Jaringan pendidikan inilah yang menjadi dasar rekrutmen kader bagi empat partai besar. Masyumi mengandalkan sekolah-sekolah madrasah yang berorientasi modernisme Islam. NU mengandalkan pesantren tradisional, PNI mengandalkan sekolah Taman Siswa dan sekolah-sekolah Kristen. Jaringan sekolah-sekolah ikut melahirkan golongan santri menjadi kelas politik, dan selanjutnya melalui proses yang lebih lambat menjadi kelas kapital.

Pembelahan sosial yang bertransformasi menjadi pembelahan politik sangat menandai bagaimana demokrasi bekerja di era 1950-an. Partai-partai politik dengan dorongan ideologis yang kuat memperebutkan dukungan masyarakat. Akibatnya, meskipun partai-partai memiliki basis nyata di masyarakat, tetapi sistem kepartaian justru menjadi rentan, atau mudah runtuh. Sungguh ironis demokrasi multipartai 1950-an. Partai memiliki basis nyata dalam masyarakat, tetapi sistem kepartaian justru sangat rapuh.

Hari ini, trikotomi priyayi, santri dan abangan masih ada, tapi cenderung semakin kabur. Wajah jagad politik kita sebagian masih diisi kelompok yang menginginkan agar batas-batas itu tetap ditegaskan. Sebagian lainnya mengambil jalan pragmatis. Sebagian lagi bahkan tidak merasa perlu menarik batas tegas. Let the people decide their own political choice. 

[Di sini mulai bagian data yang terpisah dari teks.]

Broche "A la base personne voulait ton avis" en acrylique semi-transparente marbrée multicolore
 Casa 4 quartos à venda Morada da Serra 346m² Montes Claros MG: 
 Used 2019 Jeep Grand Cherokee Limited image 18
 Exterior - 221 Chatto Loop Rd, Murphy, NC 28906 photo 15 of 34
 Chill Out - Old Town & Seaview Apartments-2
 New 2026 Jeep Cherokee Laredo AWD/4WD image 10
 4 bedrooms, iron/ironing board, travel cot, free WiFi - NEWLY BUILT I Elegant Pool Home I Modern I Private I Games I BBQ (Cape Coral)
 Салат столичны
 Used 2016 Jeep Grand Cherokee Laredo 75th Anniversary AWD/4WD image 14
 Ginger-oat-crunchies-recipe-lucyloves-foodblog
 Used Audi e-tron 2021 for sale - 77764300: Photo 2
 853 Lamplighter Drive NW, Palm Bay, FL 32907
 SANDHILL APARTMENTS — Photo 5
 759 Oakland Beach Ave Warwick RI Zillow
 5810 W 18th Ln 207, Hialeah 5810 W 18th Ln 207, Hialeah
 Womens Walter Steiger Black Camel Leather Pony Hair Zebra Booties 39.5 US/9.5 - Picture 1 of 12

Jadi, benarkah kita telah memasuki era “post trikotomi priyayi santri abangan”? Atau, semacam masyarakat modern berbasis ilmu pengetahuan dan teknologi yang terbangun bersama semangat keagamaan. Untuk mendapatkan jawaban, sepertinya diperlukan penelitian antropologi baru sekelas penelitian Pak Geertz 70 tahun lalu!